Being Grateful
· · ·

Being Grateful

BEING GRATEFUL

This morning was the Thanksgiving assembly at my little daughter’s school. She came in holding hands with a partner, lines of Kindergarten girls walking two by two up the center aisle. They wore orange-red-and-brown headdresses in the spirit of the season and tried not to skip and giggle, but to conduct themselves with dignity.

 

Once in her appointed place, my little one spotted me, and promptly made gestures at me, waving her mischievous hands around her head. She told me later that she was trying to ask me via sign language if I was wearing my Spock ears. I have a pair that I have been known to wear around the house… But no, I informed her, pinching her nose playfully. I just had my hair tucked behind my ears and it made my ears look pointy. I was not wearing my rubber Spock ears.

 

The girls, K through 3rd grade, sang a few songs of gratitude, a tradition going past 100 years at this school. The sweetness of their tuneful voices uplifted me, set me to ruminating on the blessings and joys of life. We ended with “America the Beautiful,” and I am grateful to live here, even if the TSA gropes me next time I board a flight.

 

And I am grateful for my sweet little one with her Spock questions and dancing eyes. My unruly 16 year old who breaks my heart half the time and then the other half makes me laugh until I cry–she’s a gift. A bittersweet gift, but a treasured one. My step-daughter is loving, sweet, and considerate. I’m lucky to have her. My friend Gerda is one of the world’s great fonts of spiritual wisdom, UFOlogists, and lovers of chocolate: I am happy she’s in my life. Geoffrey, Debra, Lori, Marcia, gorgeous Sarah N. and even cranky Paul: individuals I’m fortunate to know and enjoy. Thomasananda, I wish I saw more of you, but still, its always a joy to connect with you. Dani, Komilla, Rachel: you’re great!

 

Right now, I’m also grateful for and to my husband.
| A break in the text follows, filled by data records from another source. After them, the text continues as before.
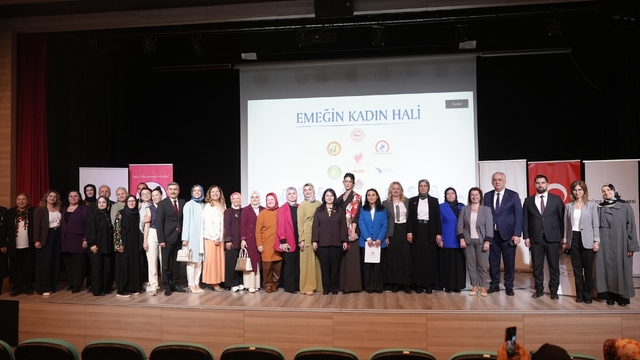 Girişimci kadınlar hikayelerini paylaştı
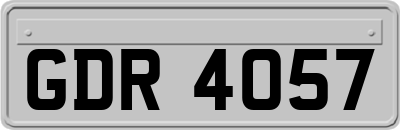 GDR4057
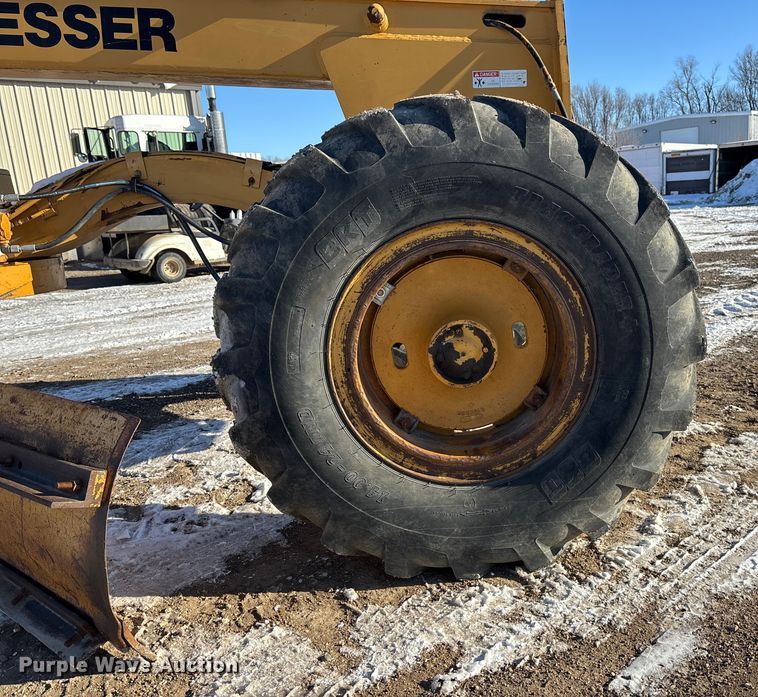 image for item DU6968 Dresser 830 motor grader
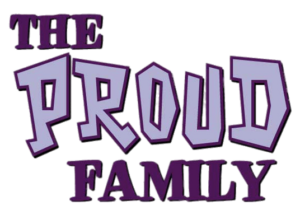 The Proud Family logo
He spoiled me with a luxurious purse as an anniversary gift, the kind of gorgeous accoutrement that I’d considered out of reach just now. It’s beautiful! And generous of him. Most generous of all, he recently admitted to me that he hasn’t always treated me the way he wants to. He said he’s aiming to be a better husband. That kind of honesty and vulnerability take courage. It takes a great soul to openly claim that. I am grateful for him, and for his presence in my life.
·

First Wives Always Know, and other inconvenient truths

Novelist Rick Moody thinks authors shouldn’t blog. Maybe he’s right. What do I know, other than when I was at grad school at Columbia, scuttlebutt had him putting rips in his own jeans to give himself credibility, because we all knew he came from a rich family?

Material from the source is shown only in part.